Des questions ? (+33) 04 73 86 60 63

Bokeh 2.3.3 Access

| Problem | Fix | |---------|-----| | Jupyter plot not showing | Use output_notebook() before show(). | | HoverTool shows ??? | Ensure tooltips use field names matching ColumnDataSource columns. | | Layout breaks | Use sizing_mode="stretch_width" or "stretch_both" on top-level layout. | | Widgets not updating | Check that CustomJS uses source.change.emit(). |


output_file("bokeh233_stock_demo.html") show(layout)

Run this script:

python stock_viewer.py

You will see a fully interactive HTML document open in your browser. Notice how the hover tool works reliably, the table updates smoothly, and the WebGL backend (if you had thousands more points) would handle it gracefully—all thanks to the refinements of Bokeh 2.3.3.

In a world chasing the newest features, Bokeh 2.3.3 stands as a testament to the value of stability. It offers a mature, bug-free interactive visualization engine that has been battle-tested in thousands of production dashboards, financial applications, and scientific research tools. For anyone maintaining systems that rely on the Bokeh 2.x API, this version is the definitive upgrade—the final polished gem before the paradigm shift of Bokeh 3.0.

Whether you're a data engineer preserving a legacy dashboard, a professor teaching a course with fixed dependencies, or a developer who values "if it ain't broke, don't fix it," Bokeh 2.3.3 delivers. Install it, explore its capabilities, and appreciate the craftsmanship of a library that turned complex web visualizations into elegant Python code.
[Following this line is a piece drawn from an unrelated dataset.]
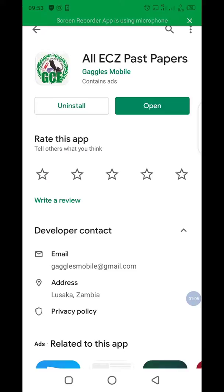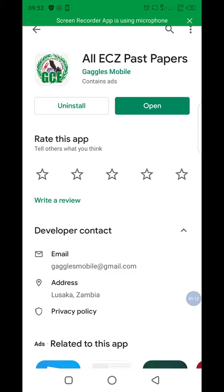After you download, it will show what is shown right now on my phone, then you open the app.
Have you used Bokeh 2.3.3 in production? Share your experience or migration story in the comments below.

The version Bokeh 2.3.3 was a minor patch release in the Bokeh 2.3 series, issued on May 10, 2021.

Here is the story and context around that release:

The Backstory:
Bokeh 2.3.0 had introduced major new features, including the highly anticipated bokeh.models.graphs.GraphRenderer improvements and better support for MultiLine and Patches with holes. However, like any major release, it came with bugs.

What happened in 2.3.3?
This release focused entirely on stability and bug fixes. No new features were added. Key fixes included:

Why does it matter?
For users at the time, Bokeh 2.3.3 was the recommended stable version to upgrade to if they had experienced issues with 2.3.0, 2.3.1, or 2.3.2. It represented the Bokeh team’s commitment to rapid bug-fixing after a feature release.

Where it fits in Bokeh history:
Bokeh 2.3.x was the last major series before Bokeh 2.4.0 (released November 2021), which added significant features like multi_handles for legends and new DataTable sorting. After that, Bokeh 3.0 (late 2022) dropped Python 2.7 and 3.6 support and introduced major breaking changes (e.g., removing bokeh.charts and old-style callbacks).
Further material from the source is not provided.